There’s another meaning of “faith” that I’d also like to consider: the meaning embodied in the concept of a “faith community.” When Christians get together across different kinds of Christianity, it’s called “ecumenical” cooperation. When you move beyond Christianity, there’s sometimes even disagreement about whether some groups actually meet the definition of “religion,” so the concept of “interreligious” cooperation has some semantic problems. The current term used is usually “interfaith” work. That meaning of “faith” was meant to be broader than just Christianity, just Western religions, just those groups that consider their system to be a religion. In this sense, a “faith” group is one that shares beliefs and/or practices. Unitarian Universalist congregations usually don’t have problems being thought of as “faith” groups, but Ethical Society and other humanist groups often do. Yet as groups that share ideas and practices they too would fall into that broader category, though not without some questions and discomfort. Perhaps a better question might be not “is this a faith group?” but “in what way might we consider this a faith group?”
People from Ethical Societies who move from one part of the country often find that joining another Ethical Society or a Unitarian Universalist congregation or a humanist group brings a kind of familiarity. Yet, there are also some big variations between these groups and between individual congregations and members.
I think another meaning of the word “faith” proves most helpful: the idea of faith as commitment, as what we have allegiance to. And what is it that we have allegiance or commitment to?
I would contend that it is three things – each of which we could argue about if we think it’s a belief and therefore requires rational proof, but which I think we can agree on if we think of them as commitments.
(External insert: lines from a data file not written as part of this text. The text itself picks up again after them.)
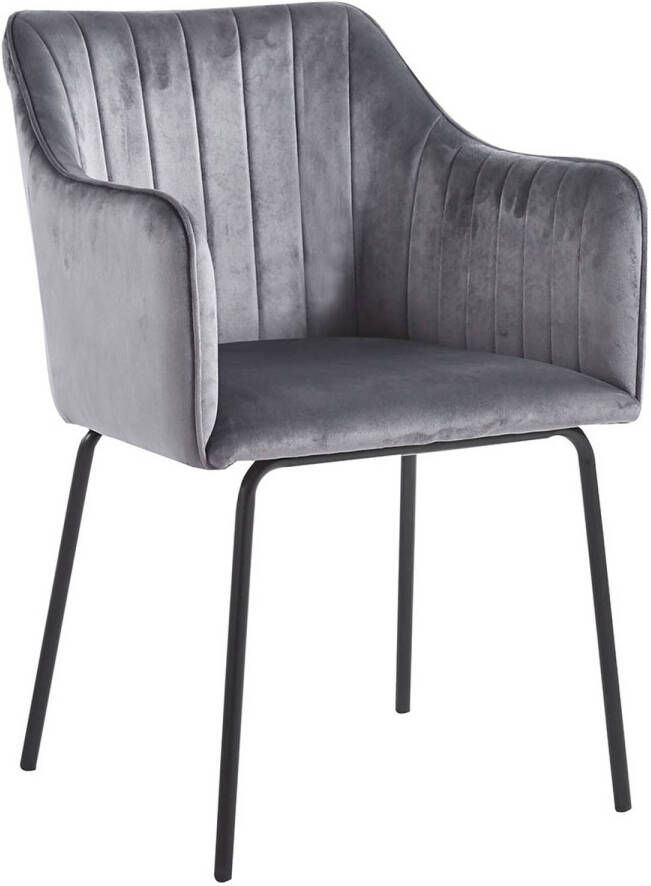 Hioshop Valia1 eetkamerstoel met armleuningen lichtgrijs.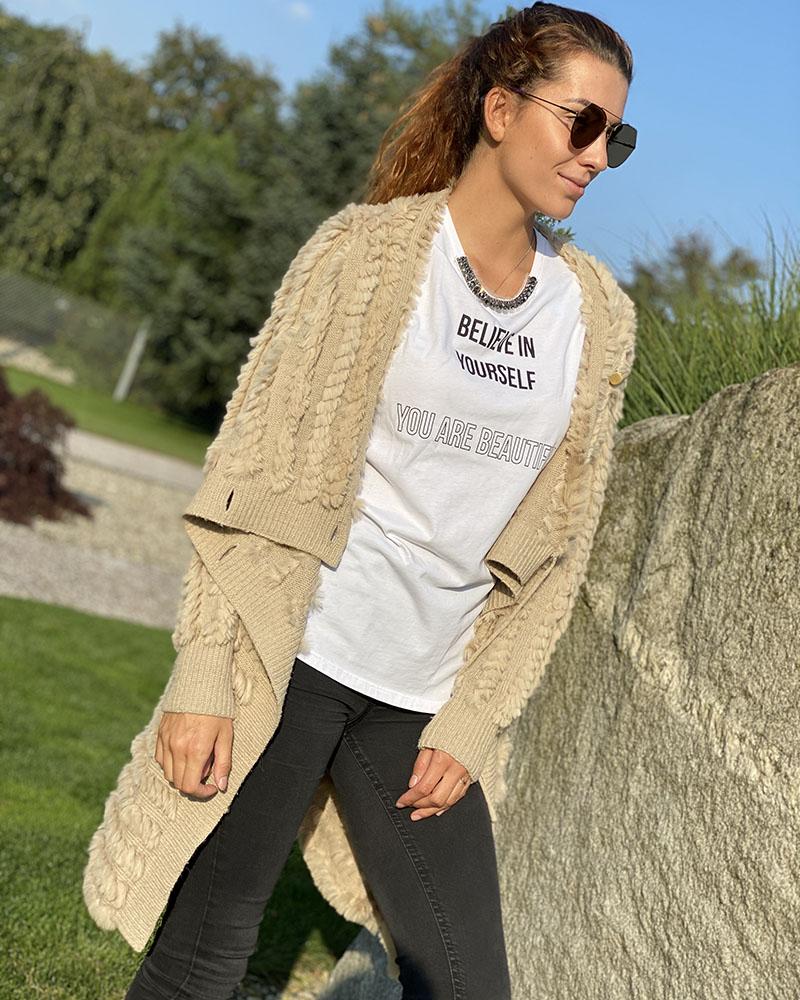 Gaudí beige women's cardigan with fur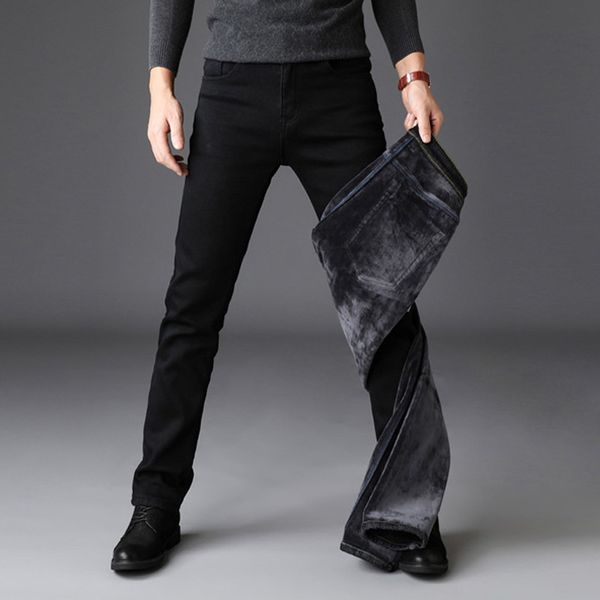 

2019 men fashion winter jeans men black color slim fit stretch thick velvet pants warm jeans casual fleece trousers male, Blue
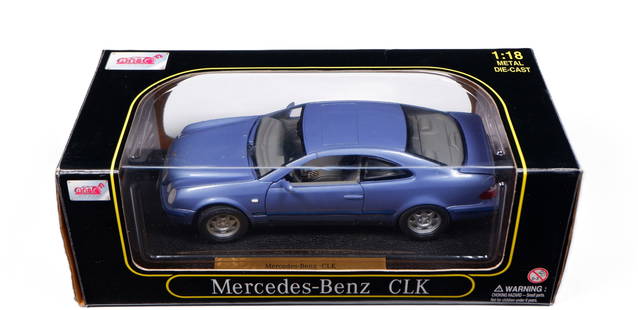 MERCEDES-BENZ: An ANSON 1:18 scale Mercedes-Benz CLK. Mauve: MERCEDES-BENZ: An ANSON 1:18 scale Mercedes-Benz CLK, mauve, dark grey interior, opening features, engine detail, steerable wheels; model attached to black display stand with descriptive plaque, house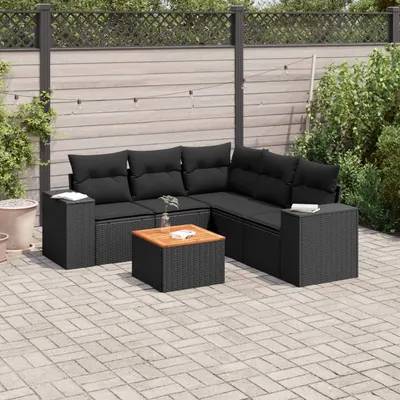 Gossi set mobilier de gradina cu perne, 6 piese, negru, poliratan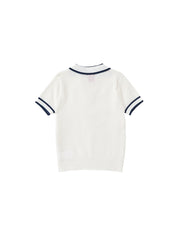 Emblem Collar Short Sleeve Sweater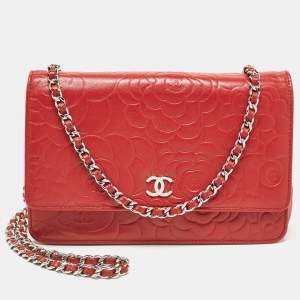 Chanel Red Leather Camellia Wallet On Chain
I’m specifically not going to include one that I think many of us also share: faith in human reason and reasonableness. Why? Because I think we often overdo that. We can also underdo it. If I were to have faith in human reason, it would be in the sense that Enlightenment philosopher Mary Wollstonecraft used the term: reason as what brings together head and heart, logic and emotion. Not reason as just logic, just head, denying that heart is real. So yes, I also have some faith in human reason, but also some skepticism that human reason is enough. But that’s me – not all humanists. We have more disagreement on that, than on the three items of faith that I’m going to assert now.
First: human worth. I knew a man who used to argue against the idea of human worth because he said that, like the soul, it had no material existence. For him, if something wasn’t materially provable, it didn’t exist. The worth of a human being cannot be weighed, physically, and we can’t find it in the brain. Here’s why it’s about faith – the metaphorical kind of faith, as opposed to literal and material rationality. Worth is something we attribute. It’s about an action, not a concrete, provable quality in others. We have faith – based on human experience – that if we attribute infinite worth to a person, no matter what their value is to us or others, that we create a world that’s more the kind of world we want to live in.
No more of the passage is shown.